_Exercise requirements:_ Copy out the entries exactly, and wherever a picture appears, leave it out.

_Records from a data collection:_
========

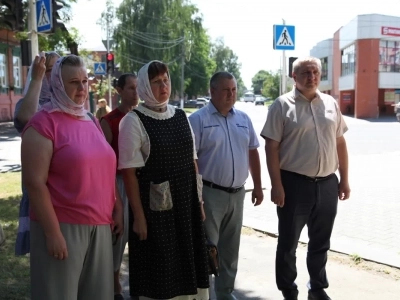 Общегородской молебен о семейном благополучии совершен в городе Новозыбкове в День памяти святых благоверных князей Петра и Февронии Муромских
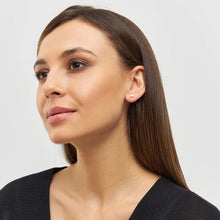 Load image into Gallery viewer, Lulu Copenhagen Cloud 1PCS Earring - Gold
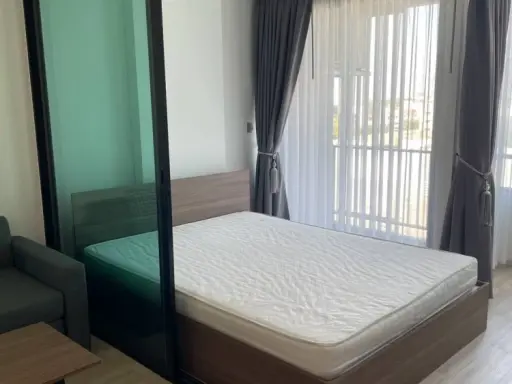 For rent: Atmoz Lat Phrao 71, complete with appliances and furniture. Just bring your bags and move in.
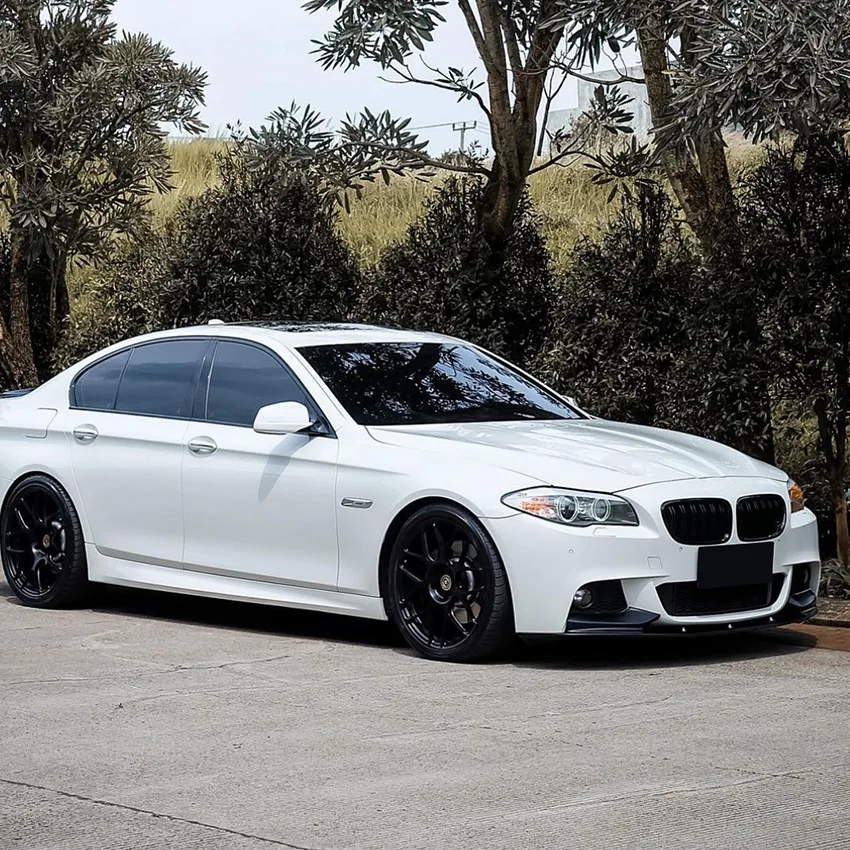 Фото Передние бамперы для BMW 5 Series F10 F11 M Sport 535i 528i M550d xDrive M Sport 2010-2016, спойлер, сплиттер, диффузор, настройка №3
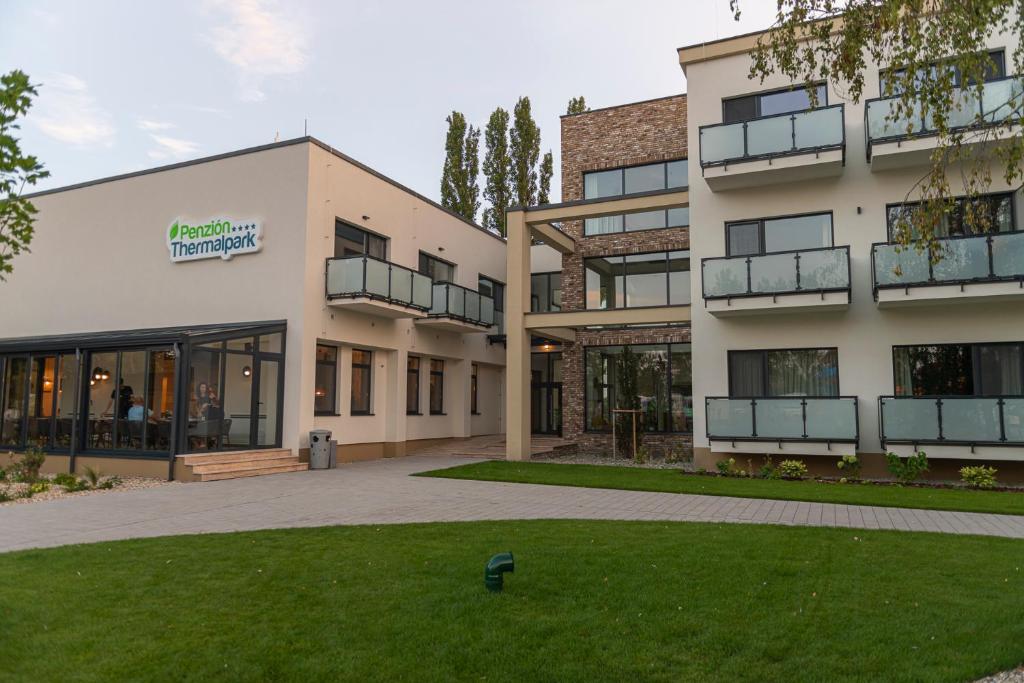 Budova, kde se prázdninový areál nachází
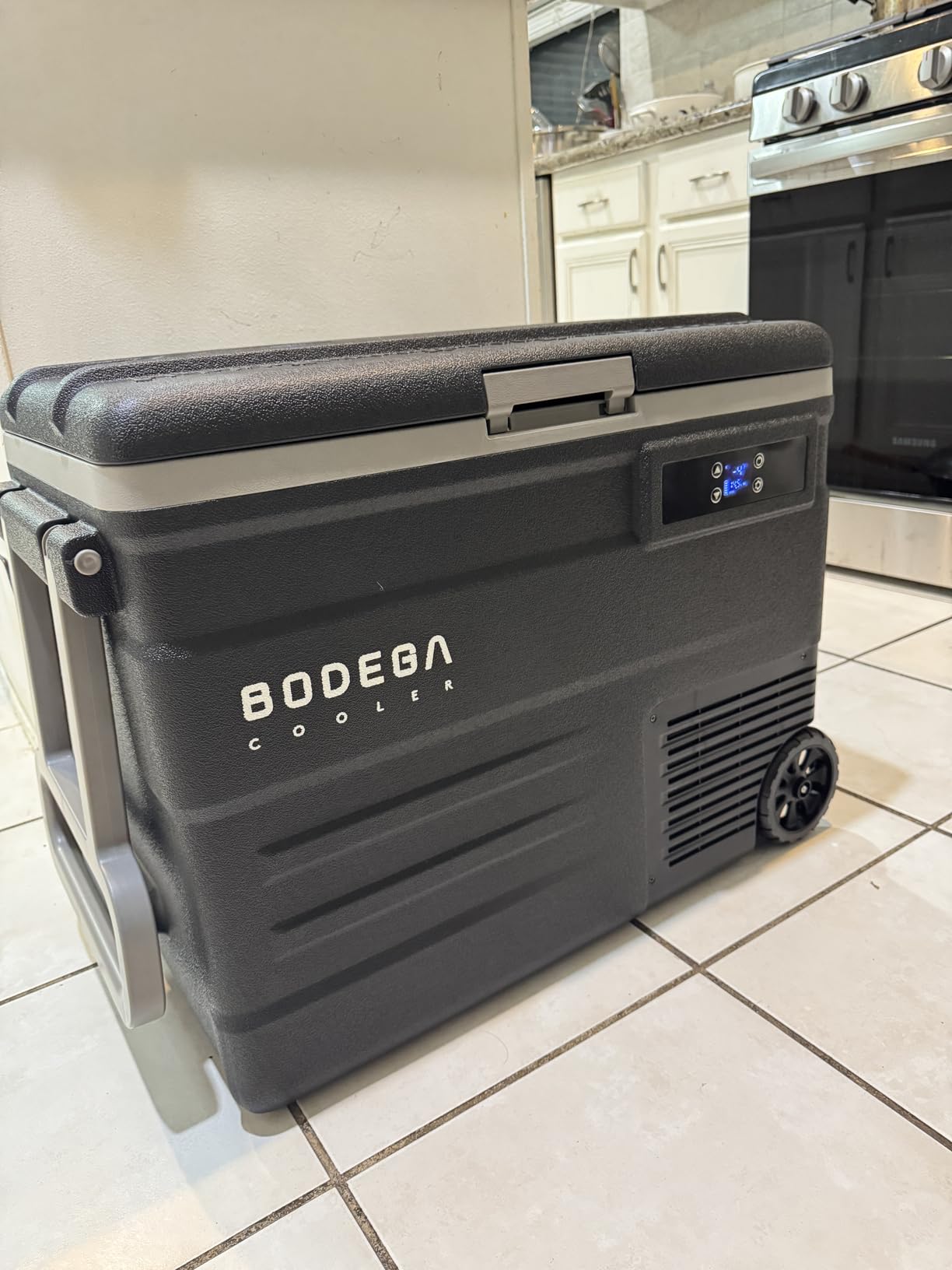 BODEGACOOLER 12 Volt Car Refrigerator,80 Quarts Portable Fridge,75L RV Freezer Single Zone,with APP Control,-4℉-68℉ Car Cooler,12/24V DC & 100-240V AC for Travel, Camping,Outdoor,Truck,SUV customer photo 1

========

_Result of the exercise:_
 Общегородской молебен о семейном благополучии совершен в городе Новозыбкове в День памяти святых благоверных князей Петра и Февронии Муромских
 Load image into Gallery viewer, Lulu Copenhagen Cloud 1PCS Earring - Gold
 For rent: Atmoz Lat Phrao 71, complete with appliances and furniture. Just bring your bags and move in.
 Фото Передние бамперы для BMW 5 Series F10 F11 M Sport 535i 528i M550d xDrive M Sport 2010-2016, спойлер, сплиттер, диффузор, настройка №3
 Budova, kde se prázdninový areál nachází
 BODEGACOOLER 12 Volt Car Refrigerator,80 Quarts Portable Fridge,75L RV Freezer Single Zone,with APP Control,-4℉-68℉ Car Cooler,12/24V DC & 100-240V AC for Travel, Camping,Outdoor,Truck,SUV customer photo 1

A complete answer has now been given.